The mentality of undetectable-sorting to reduce or at the least control HIV is potentially great in theory, but it is not being realized in the statistics. Unfortunately HIV rates are rising and have been for some time. In just two years, the HIV rates among men ages 13 to 24 have increased 22% (http://www.cdc.gov/hiv/risk/gender/msm/facts/index.html). Despite the rationale of a new era of PrEP (http://www.cdc.gov/hiv/prevention/research/prep/) or PEP (http://www.cdc.gov/mmwr/preview/mmwrhtml/rr5402a1.htm) reducing the need for condoms, it’s simply not working. If gay men were truly communicating their status and taking their education (play partner(s) status, top versus bottom, condoms or no, testing regimens) and applying it accurately, our community may see a decline in rates. But right now we are seeing the exact opposite. For the individuals who see HIV as “no big deal” and choose to have condom-less sex, the argument that they are still being “safe” is simply inaccurate. The root of the problem may be that gay men simply don’t care anymore. This is not a judgment, this is an observation based on the numerous conversations I have about HIV and gay sex on a daily basis. This is about the giant shrug I get from gay men when they speak about HIV and their risks. Either it can’t happen to them or it’s no big deal if it does. Case closed. The evolution in HIV-care has rendered the threat of HIV moot. Meds equal freedom to engage, contract, and forget.

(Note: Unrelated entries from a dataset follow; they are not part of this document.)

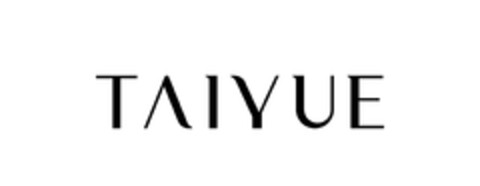 TAIYUE Logo (EUIPO, 05/15/2023)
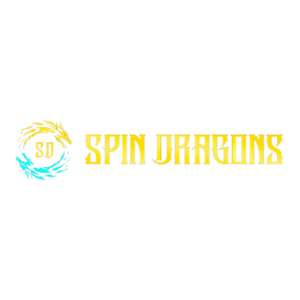 Spin Dragons Casino Logo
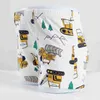 Slipje Boxer Briefs Jongens Katoenen Slipje Cartoon Onderbroek voor Tieners Meisjes Ondergoed Gedrukt Slipje Ademend Bodems x0802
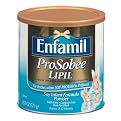 Enfamil ProSobee LIPIL Powder (25.7 oz.) - 6 Pack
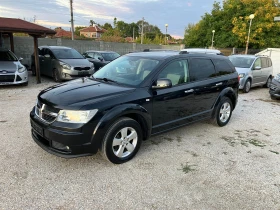 Dodge Journey 2.0 CRDI, снимка 5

I’m calling for a fundamental shift in the mentality of our gay men’s sex-based culture. I’m calling for a hybrid mentality of still revering condoms first and foremost as a necessity for playtime in conjunction with regular testing and even more frequent communication. We must not be afraid to be HIV-negative and wear it proudly. We must not be afraid to be HIV-positive and wear it proudly. By wearing our statuses on our sleeves, and truly owning our sex and sexuality, only then can we make better choices to protect ourselves against the spread of HIV. I feel we are on the cusp of losing the battle with HIV. When my sex club cohort made the comment that barebacking was what the space was about, I shuddered. Yes, I love barebacking as much as the next guy, but not at the sake of my own long term health. It does not have to be a given assumption that it will happen to you, or that it doesn’t matter if it does. One of the hardest things I do as an HIV-negative, empathetic sex educator is respecting and loving my HIV-positive family. Conversely I have to respect and love my HIV-negative family as well. They are two very different sides to the same coin. HIV-negative does not mean that one cannot embrace all aspects of sex and sexuality, from the mundane to the extreme. And being HIV-positive does not mean that you are broken in any way. With that being said, there should be no sides to the coin at all as it takes both parties f*cking with education to see a reduction in HIV transmission rates and a better, safer, more inclusive community.